Because he had a very positive view of people, Carl Rogers believed that
through the exercise of independent decisions they would be able not only to be PLEASED with themselves, but also to become capable of establishing relations of persons socially appropriate. The way to achieve these positive decisions, however, is not easy.
According to Rogers and other humanistic and existential therapists vein, the people must take responsibility for their lives even when they are disturbed.

is often difficult for a therapist to refrain from giving advice, from being burdened with the customer, especially when that client is unable to make their own decisions. But the Rogerian adhere strictly to the rule that, given a therapeutic atmosphere warm, caring and receptive, the innate capacity for growth and self-realization at the end will prevail. They believe that if the therapist intervenes openly, the process of growth and self-will result only impeded, and that any short-term relief may come by the intervention of the therapist it will interfere with the long-term growth.

The therapist should not become yet another person whose wishes the client should try to soddisfare.Secondo Rogers, the therapist should possess three basic qualities: authenticity, unconditional positive regard and and deep empathic understanding . Authenticity, congruence is sometimes called, includes the spontaneity, openness and genuineness . The therapist does not have anything fake, does not hide behind a professional facade and reveals his thoughts and feelings to the client in an informal and frank. In a sense, the therapist, putting himself so honestly in the open, provides a model of what the customer can get if you put in touch with his feelings and expresses them and assumes responsibility for doing so.

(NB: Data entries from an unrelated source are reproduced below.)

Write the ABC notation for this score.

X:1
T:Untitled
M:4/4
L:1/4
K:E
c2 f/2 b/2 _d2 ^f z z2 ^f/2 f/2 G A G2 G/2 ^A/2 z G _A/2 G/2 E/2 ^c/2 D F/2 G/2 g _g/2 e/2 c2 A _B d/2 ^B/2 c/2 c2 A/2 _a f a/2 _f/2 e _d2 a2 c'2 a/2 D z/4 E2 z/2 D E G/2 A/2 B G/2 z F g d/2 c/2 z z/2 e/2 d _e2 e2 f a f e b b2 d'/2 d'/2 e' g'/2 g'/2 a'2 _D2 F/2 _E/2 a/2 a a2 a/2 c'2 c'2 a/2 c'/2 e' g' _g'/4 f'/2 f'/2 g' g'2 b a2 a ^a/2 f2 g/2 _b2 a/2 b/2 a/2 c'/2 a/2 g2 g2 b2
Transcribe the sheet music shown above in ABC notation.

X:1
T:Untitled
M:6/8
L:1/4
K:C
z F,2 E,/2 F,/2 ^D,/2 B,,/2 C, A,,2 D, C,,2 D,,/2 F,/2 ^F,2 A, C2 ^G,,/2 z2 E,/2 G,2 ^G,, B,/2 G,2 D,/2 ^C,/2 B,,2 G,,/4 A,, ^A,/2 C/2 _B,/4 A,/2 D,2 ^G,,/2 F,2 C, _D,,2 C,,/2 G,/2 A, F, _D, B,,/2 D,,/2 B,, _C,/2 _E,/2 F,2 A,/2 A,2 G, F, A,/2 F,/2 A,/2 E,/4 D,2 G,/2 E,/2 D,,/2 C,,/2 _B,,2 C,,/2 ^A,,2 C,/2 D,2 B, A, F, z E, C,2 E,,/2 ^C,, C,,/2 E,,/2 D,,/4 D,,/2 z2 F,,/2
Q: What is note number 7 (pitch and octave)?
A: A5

The therapist has the courage to present themselves to others for what they really รจ.Il second attribute of a good therapist, according to Rogers, is the ability to offer unconditional positive regard . He appreciates the customer for what it is and shall provide a non-possessive love, even when it does not approve of his behavior. People have value simply for the fact that people and the therapist must have deeply about the customer and respect for the simple reason that he is a human being engaged in the struggle to grow and being in the world.

The third quality, a deep empathic understanding is the ability to see the world - from moment to moment - through the eyes of the customer, to understand the feelings from both his personal point of view of phenomenology, which the customer is well aware, perspectives from both of which he may be only dimly aware.